Son muchos los mayores que se encuentran en plenitud de
facultades y no obstante son objeto de discriminación
para demasiadas cosas. Desde mi punto de vista hay grandes diferencias entre
ser mayor y ser viejo: mayor es quien
tiene años; viejo quien perdió la jovialidad, incluso siendo joven. El mayor vive cada día como único, con
proyectos, con ilusión; para el viejo todos los días son iguales y su agenda está en blanco y solo vive
pensando en los ayeres. El mayor camina, trabaja, se relaciona, se comunica: el
viejo la mayor parte del tiempo lo pasa
renegando de todo, anatematizando instituciones, hundido en el pozo negro de la desesperanza, sentado o acostado
sin aportar ni un solo paso a favor de los demás.

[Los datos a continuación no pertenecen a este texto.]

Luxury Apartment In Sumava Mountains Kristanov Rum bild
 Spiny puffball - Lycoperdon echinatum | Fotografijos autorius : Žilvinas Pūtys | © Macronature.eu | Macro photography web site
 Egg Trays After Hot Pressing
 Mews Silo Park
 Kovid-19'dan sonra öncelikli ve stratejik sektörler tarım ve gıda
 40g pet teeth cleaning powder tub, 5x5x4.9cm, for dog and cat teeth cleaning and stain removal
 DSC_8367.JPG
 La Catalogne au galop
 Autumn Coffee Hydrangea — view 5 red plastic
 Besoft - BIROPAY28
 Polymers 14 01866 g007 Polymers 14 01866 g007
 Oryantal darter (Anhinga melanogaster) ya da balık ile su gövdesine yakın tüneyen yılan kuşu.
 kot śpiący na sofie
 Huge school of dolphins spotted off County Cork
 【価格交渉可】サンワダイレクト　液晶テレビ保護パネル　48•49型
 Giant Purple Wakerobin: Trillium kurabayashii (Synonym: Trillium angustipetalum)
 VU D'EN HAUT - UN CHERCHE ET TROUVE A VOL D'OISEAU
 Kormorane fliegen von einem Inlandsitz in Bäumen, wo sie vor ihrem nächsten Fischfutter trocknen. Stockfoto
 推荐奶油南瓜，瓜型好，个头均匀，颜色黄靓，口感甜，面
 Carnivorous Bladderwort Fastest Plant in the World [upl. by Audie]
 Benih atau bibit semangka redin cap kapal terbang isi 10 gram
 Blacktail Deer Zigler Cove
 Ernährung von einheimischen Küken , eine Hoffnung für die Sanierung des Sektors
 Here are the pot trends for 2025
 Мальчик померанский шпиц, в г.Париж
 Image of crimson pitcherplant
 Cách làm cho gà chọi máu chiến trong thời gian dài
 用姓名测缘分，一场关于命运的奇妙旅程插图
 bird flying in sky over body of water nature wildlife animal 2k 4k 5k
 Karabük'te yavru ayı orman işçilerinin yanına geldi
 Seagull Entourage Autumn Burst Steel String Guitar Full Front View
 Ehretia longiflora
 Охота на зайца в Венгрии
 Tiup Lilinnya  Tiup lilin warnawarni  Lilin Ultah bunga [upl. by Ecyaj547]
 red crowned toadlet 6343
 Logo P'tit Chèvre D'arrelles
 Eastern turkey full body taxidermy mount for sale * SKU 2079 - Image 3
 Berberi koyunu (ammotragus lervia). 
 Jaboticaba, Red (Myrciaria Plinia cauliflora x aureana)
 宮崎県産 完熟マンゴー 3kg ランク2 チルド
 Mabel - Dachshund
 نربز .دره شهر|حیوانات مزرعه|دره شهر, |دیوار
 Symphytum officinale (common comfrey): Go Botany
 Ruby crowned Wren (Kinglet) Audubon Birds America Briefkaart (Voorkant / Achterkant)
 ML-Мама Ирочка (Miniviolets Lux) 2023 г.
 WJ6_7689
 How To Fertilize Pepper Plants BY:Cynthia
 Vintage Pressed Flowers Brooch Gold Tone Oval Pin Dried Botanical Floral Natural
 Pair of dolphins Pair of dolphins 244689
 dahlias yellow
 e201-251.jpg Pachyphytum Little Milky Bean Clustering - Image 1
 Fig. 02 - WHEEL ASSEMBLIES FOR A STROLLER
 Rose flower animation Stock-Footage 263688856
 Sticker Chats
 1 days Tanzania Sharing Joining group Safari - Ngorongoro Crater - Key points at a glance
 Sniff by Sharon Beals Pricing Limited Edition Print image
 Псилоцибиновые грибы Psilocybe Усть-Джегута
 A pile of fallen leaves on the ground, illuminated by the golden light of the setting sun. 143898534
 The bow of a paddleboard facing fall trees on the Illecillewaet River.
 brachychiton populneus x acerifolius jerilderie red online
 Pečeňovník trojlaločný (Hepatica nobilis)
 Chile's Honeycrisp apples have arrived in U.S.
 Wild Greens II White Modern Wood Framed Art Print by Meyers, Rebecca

En mi particular oración, pido, y en definitiva es una
exigencia conmigo misma, que los años no me hagan indiferente, insensible a mi
realidad presente, porque quiero seguir
construyendo, colaborando, soñando… Hay
un pensamiento de Marañón que viene a resumir todo lo dicho: vivir -dice- no es
sólo existir, sino existir y crear, saber gozar y sufrir y no dormir sin soñar. Descansar, es empezar
a morir.
Ánimo, pues a esa nueva
mayoría de edad. Hay que seguir regando la parcela por pequeña que sea, hay que
seguir aprendiendo, enseñando, animando, repartiendo esperanza y optimismo. Jamás un hombre es demasiado viejo para recomenzar su vida. Envejecer –dice
O. Wilde- no es nada; lo terrible es seguir sintiéndose y proclamándose joven.